Comparative mitogenomics have revealed a highly conserved gene order among distinct Platyhelminthes with the exception of some Schistosoma species [25, 30–33]. The mitochondrial genome of the Asian schistosomes, S. japonicum and S. mekongi, displays the same gene order as other Digenea and Cestoda [25, 32].
In contrast, the gene order in the mitochondrial genome of S. haematobium, S. mansoni, and S. spindale is strikingly different from other taxa [25, 30]. The unique gene order rearrangements identified in these species constitute valuable information to the reconstruction of the phylogenetic relationships of Schistosoma and other Platyhelminthes (Section 3.1).
3. Evolutionary Genomics and Biodiversity
3.1. Evolutionary Genomics of Schistosoma
The use of genomic data is valuable to the understanding of the evolutionary history of Schistosoma especially due to the absence of fossil records. Molecular markers have been used to test hypotheses in a variety of Schistosoma phylogenetic, phylogeographic and epidemiological studies [4, 25, 34–36]. Traditionally, these markers include the nuclear ribosomal RNA genes (18S, 5.8S, and 28S) and the internally transcribed spacer (ITS) region besides a number of mitochondrial genes (cob, cox1–3, nad1–6, etc.).

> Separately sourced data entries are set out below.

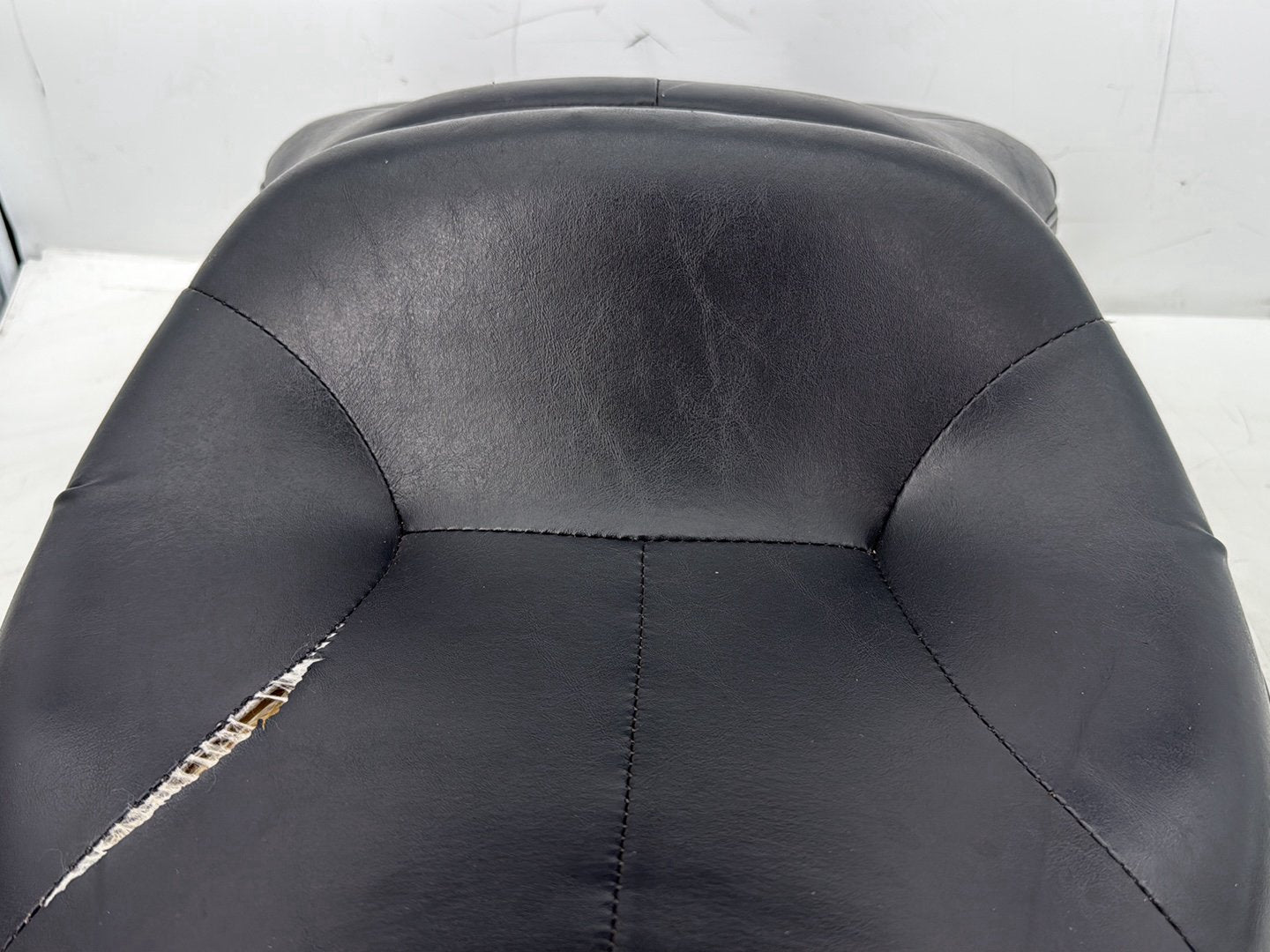 2006 Harley Electra Glide Touring Classic FLHTCI OEM Passenger Rider Driver Seat Saddle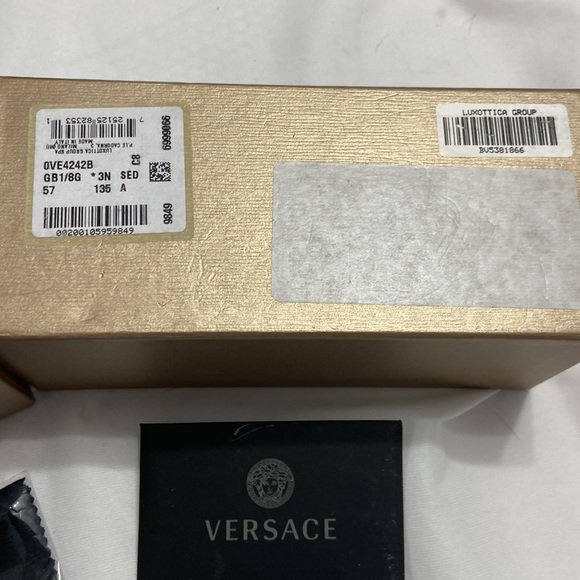 Versace sunglasses box with authenticity booklet, wipe cloth,tag,case set - Picture 3 of 4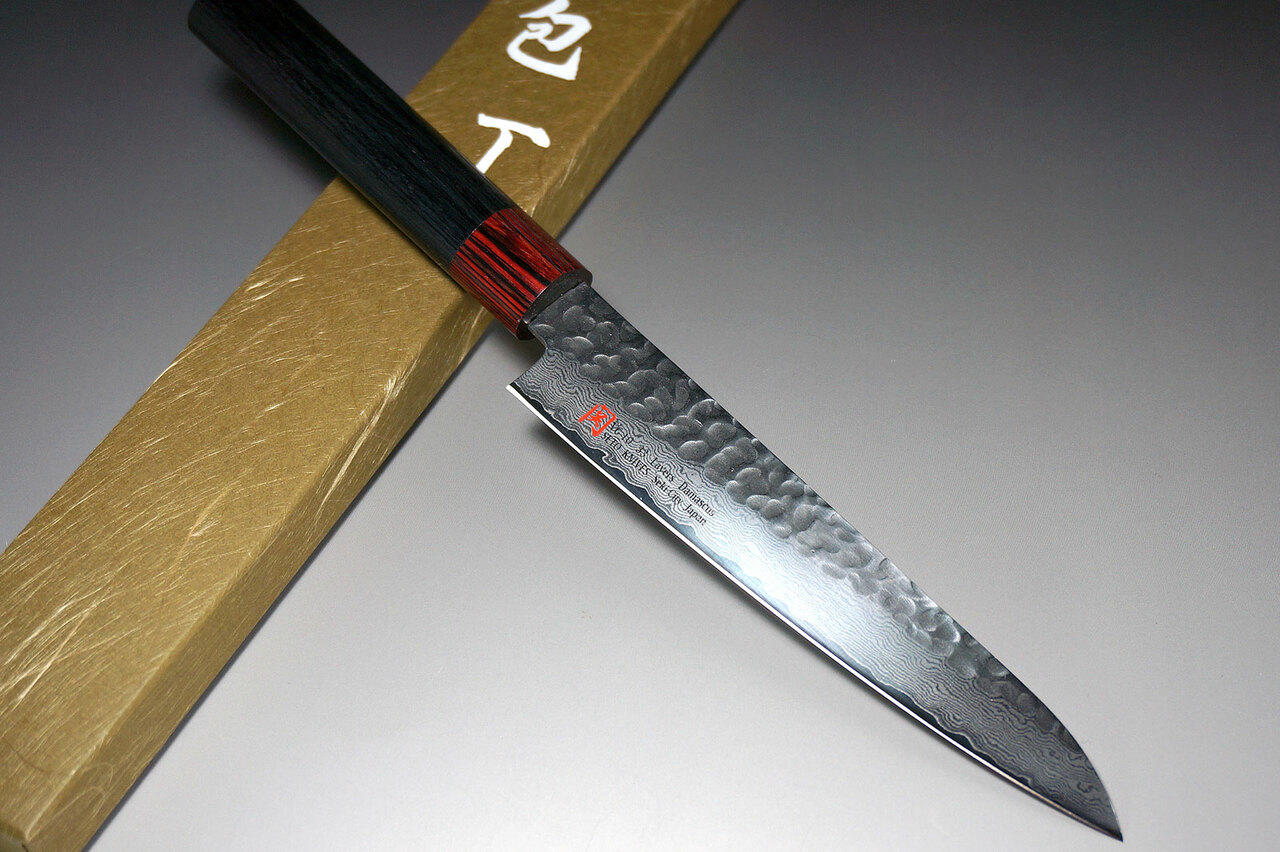 Crafting Culinary Excellence: A Review of the Iseya I-series 33 Layer VG-10 Damascus Hammered Knife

Based on mitochondrial data from different studies, a standard phylogeny of 23 Schistosoma species was proposed . Six clades were identified that correlate with the geographic distribution of the species analysed. These clades include (1) the S. japonicum complex (S. japonicum, S. malayensis, S. mekongi, S. ovuncatum, and S. sinensium) found in Central and South Eastern Asia; (2) the S. hippopotami clade (S. edwardiense and S. hippopotami) distributed in Africa; (3) the proto-S. mansoni clade (S. incognitum and S. turkestanicum) in Central Asia, Near East, and Eastern Europe; (4) the S. mansoni clade (S. mansoni and S. rodhaini) found in Africa and South America; (5) the S. haematobium clade (S. bovis, S. curassoni, S. guineensis, S. haematobium, S. intercalatum, S. kisumuensis, S. leiperi, S. margrebowiei, and S. mattheei) occurring in different parts of Africa; (6) the S. indicum clade (S. indicum, S. nasale, and S. spindale) found in India and South Asia.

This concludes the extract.